Lou Ye
With all the talk about how his latest film, Spring Fever, will be received by mainland authorities, Lou Ye seems remarkably unfazed. 'I'm still quite free to be here, aren't I?' he says in Cannes, where the film will be screened in competition as part of the French city's annual film festival.
Or maybe it's going to be deja vu again. Lou was barred from making films for two years after he screened Suzhou River at the Rotterdam Film Festival in 2000 without clearing the censors; he was then hit with a five-year ban in 2006 when he brought his last film, Summer Palace, to Cannes without getting approval from the authorities.
It's hardly a surprise that Summer Palace gave Lou a rough ride: the film was partly set in Beijing during the pro-democracy summer of 1989.

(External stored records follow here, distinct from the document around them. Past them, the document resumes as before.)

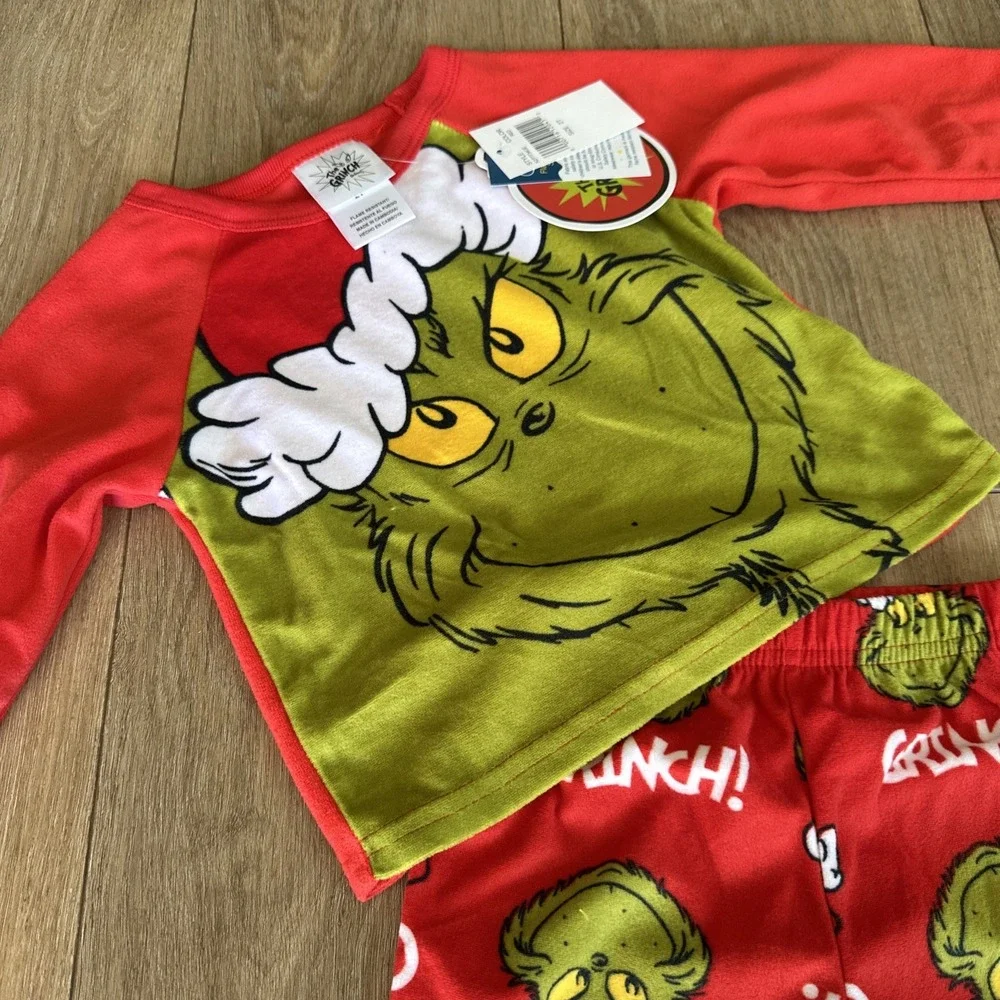 Dr Seuss Grinch Whoville Toddler‎ Holiday 2 Pc Pajama Set 2T Flame Resistant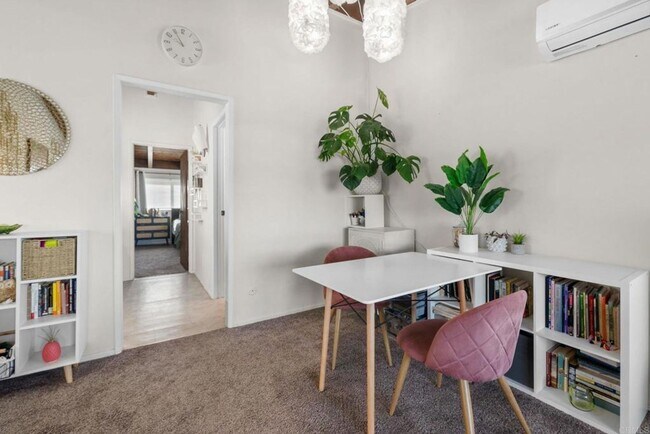 Building Photo - Spacious Remodeled Home with Separate Apar...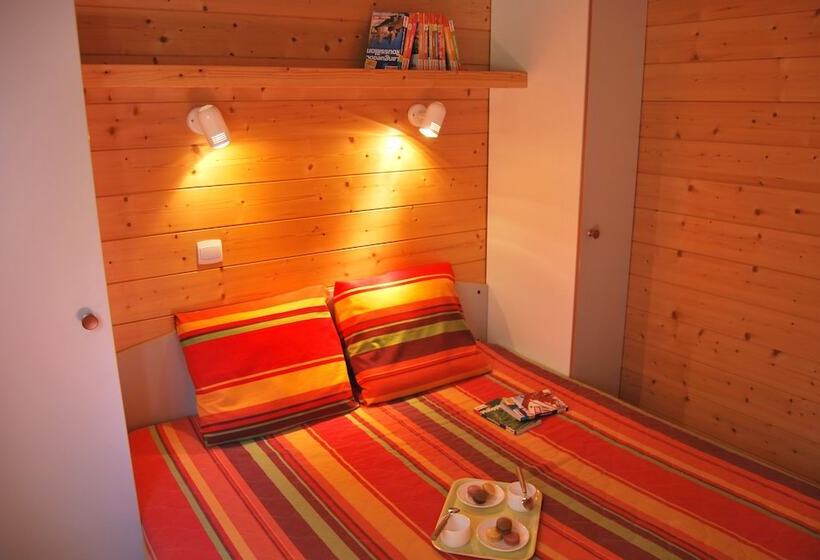 호텔 Lagrange Grand Bleu Vacances   Residence Les Ségalières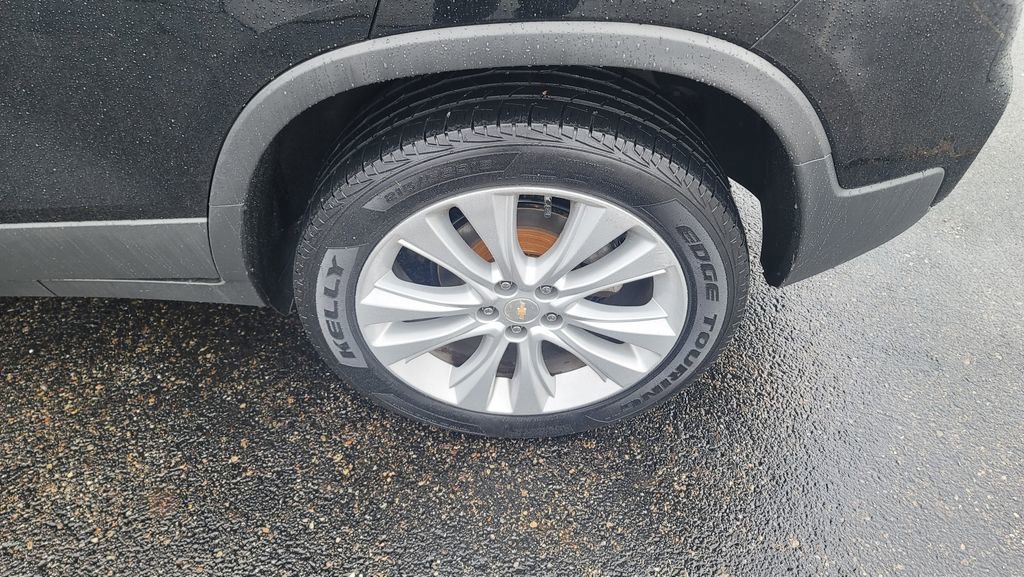 Used 2020 Chevrolet Trax Premier w/ LPO, Cargo Package image 8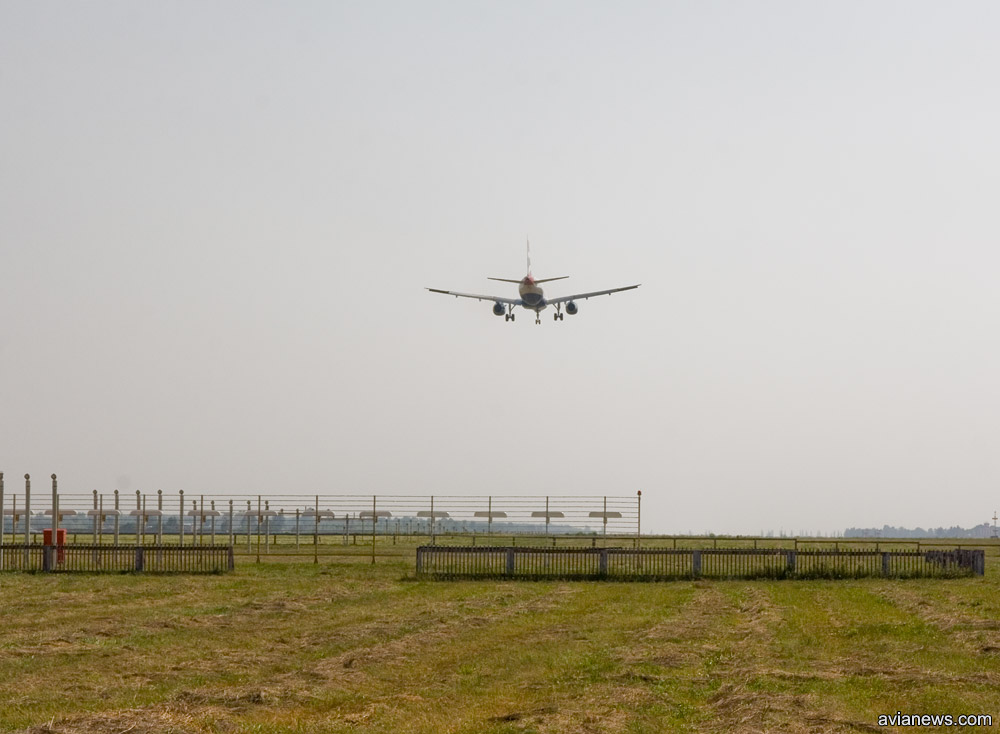 https://www.avianews.com/wp-content/uploads/2018/09/plane_landing.jpg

Spring Fever - a co-production between a French company and the new Hong Kong subsidiary of Lou's Beijing film company - contains vivid sex scenes between its gay protagonists, in a story about two love triangles when a man leaves his wife or girlfriend to be with another man. Even without the ban, Lou would have found it difficult to get official approval for his film as it touches on homosexuality, which remains largely a no-go area for the culturally conservative apparatchiks in Beijing.
How is the underlying creative motive behind Spring Fever different from your previous films? I just want to tell a love story - it's the same as before. This time I want to tell a modern-day story which has some sort of a link with history - just as you can see, the [Chinese] film title takes its name from [a 1923 story by Chinese writer] Yu Dafu. My two previous films have been linked with things past: The Purple Butterfly is set in the 1930s, while Summer Palace is about China in the 1980s.
I wanted to tell a story which, like Yu's, looks at individuals, not just ciphers, such as good and bad people, gay and straight people - the film is not meant to be like that; it's to begin from a more human perspective. And it's about how different human beings conduct their lives in a state of freedom.